[part 2] How will emerging technologies in 2020 and beyond impact the decisions learning leaders make about their teams? So whether that’s how we upskill for capabilities or develop our people to prepare for new roles – especially roles or new positions that haven’t existed before – what do we need to be thinking about emerging technology’s impact on our L&D teams? 

Learning Leader Q&A, 2019 Fredrickson Learning Summit | Minneapolis, MN

Which technologies? 

Artificial Intelligence (AI) is a good example to begin with, since AI-based solutions have maturity. Given as such, what skills and capabilities have already been deconstructed by AI to the point it matches or exceeds people in that capability? 

Think broader than just L&D.

Reflect on how AI has learned to mimic and extend the five human senses – sight, touch, hearing, taste and smell.

Let’s start with the first three – take a look around us – in what domains is Artificial Intelligence already being leveraged for sight, touch and sound?


AI can now see better than humans; we’re using it to read radiologic scans and tissue samples; inform legal research and documents; auto generate and write journalism pieces and news articles. 


AI-assisted tactile touch is now so sophisticated, its motor skills and finesse at manipulating physical objects are so refined, that many medical facilities use AI-mediated robots to perform delicate surgeries. 


AI can now, for some functions, hear and speak as well as humans. Consider our conversations with our smart speakers and smartphones, that both talk and listen. 

It’s AI and Natural Language Processing (NLP) on these devices, whether you’re talking about Siri, Cortana or Alexa. 

Consider our own behaviour – we’re talking to inanimate objects; inanimate objects that respond to us and take action on our behalf. 

It’s like that Disney movie starring Mickey Mouse in Fantasia – where objects come to life; where everything all around us, all these objects in our environment, suddenly interact with us – and us with them.

These objects are animated by AI, transforming them into smart devices and intelligent algorithms that we can use to augment or automate our work.

If we’re using these AI-based solutions in our personal and consumer lives, how might they be used in our professional practice? 

Historically, one instance of AI is applied to one function or one discrete task, where it performs that function – or mimics that human sense – exceptionally well.
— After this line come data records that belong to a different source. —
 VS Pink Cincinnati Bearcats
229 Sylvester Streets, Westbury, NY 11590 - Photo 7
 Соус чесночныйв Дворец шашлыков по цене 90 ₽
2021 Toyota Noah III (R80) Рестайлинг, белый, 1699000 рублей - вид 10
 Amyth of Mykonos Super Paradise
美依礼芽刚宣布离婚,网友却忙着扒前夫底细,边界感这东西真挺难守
Now we’re starting to have integrated experiences, where AI uses multiple ‘senses’ to perform an activity or task.

So what does that mean to us, as learning leaders, and to our teams within an organization? 
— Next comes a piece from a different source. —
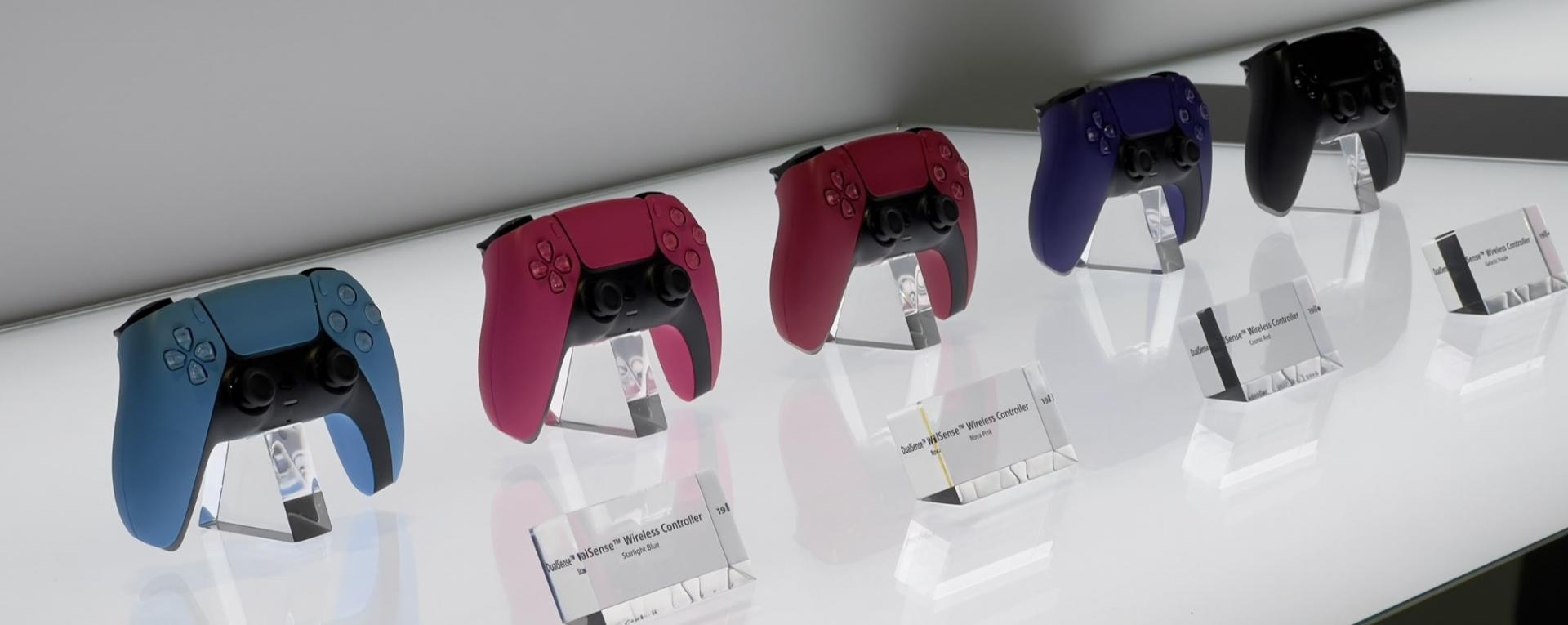 PS5 i DualSense w nowych kolorach. Pierwsze zdjęcia pokazują sprzęt w rzeczywistości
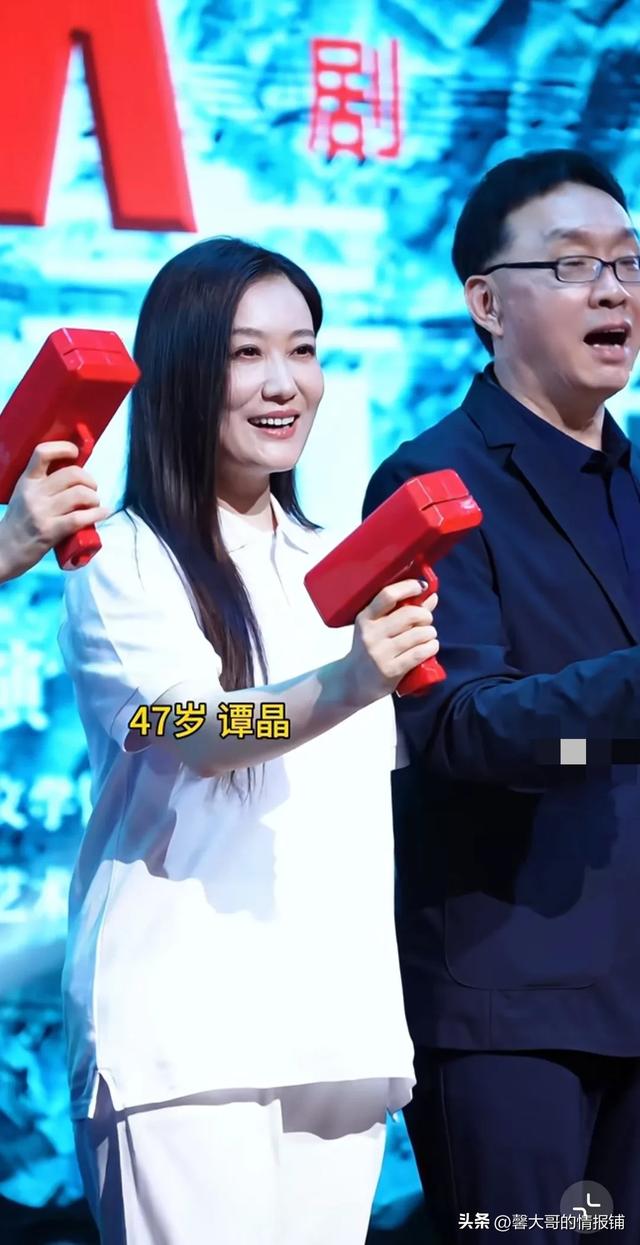 47岁谭晶现身音乐剧活动现场，苹果肌饱满，看起来比同龄人年轻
What does that mean to roles, is it going to create additional jobs? 

Does that mean there’s going to introduce new roles to the team? 

Does that also mean that it’s a threat, that there are possibilities that it’s going to not only disrupt us but deconstruct us? 
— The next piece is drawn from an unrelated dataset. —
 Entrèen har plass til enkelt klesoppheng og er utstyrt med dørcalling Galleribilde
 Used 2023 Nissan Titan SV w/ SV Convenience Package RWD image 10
How does AI automation already take some tasks and activities from us, ones we’re deeply familiar and associated with, that we enjoy performing as a means for making a living?

Quite frankly, if AI already has the capability to perform many of our tasks and activities, then disruption is not a matter of if, it’s a matter of when

So list them.. Which routine L&D tasks require vision, sight, reading, listening, speaking – even touch?

How Might Artificial Intelligence Augment Instructional Design?

As one example, let’s deconstruct instructional design. 

There are AI solutions available that can read and analyze content faster than we can.

How might AI, then, augment how your instructional designers:

  • collaborate with subject matter experts;
  • perform content reviews; 
  • discover content gaps;
  • uncover alignment and assessment gaps; 
  • use data to determine, inform, design and shape the solution(s);
  • Identify opportunities for improvement;
  • measure progress;
  • evaluate success?

How might AI augmentation and automation applied to the  instructional design process accelerate output, reduce costs and improve outcomes?

That’s just one technology (AI), and one L&D area of expertise (instructional design) to serve as one example – there are many, many others.

Beyond AI – Additional Emerging Technologies to Keep Pace with Business

When it comes to other emerging technologies, like Blockchain, 5G, Internet of Things, data analytics, chatbots, conversational queries, voice interfaces, etc – think of them as layers over the same enterprise architecture that’s going to extend and enhance the tech stack and our organization’s superpowers. 

Keeping up with these emerging and maturing technologies is part of what’s required to keep pace with the business.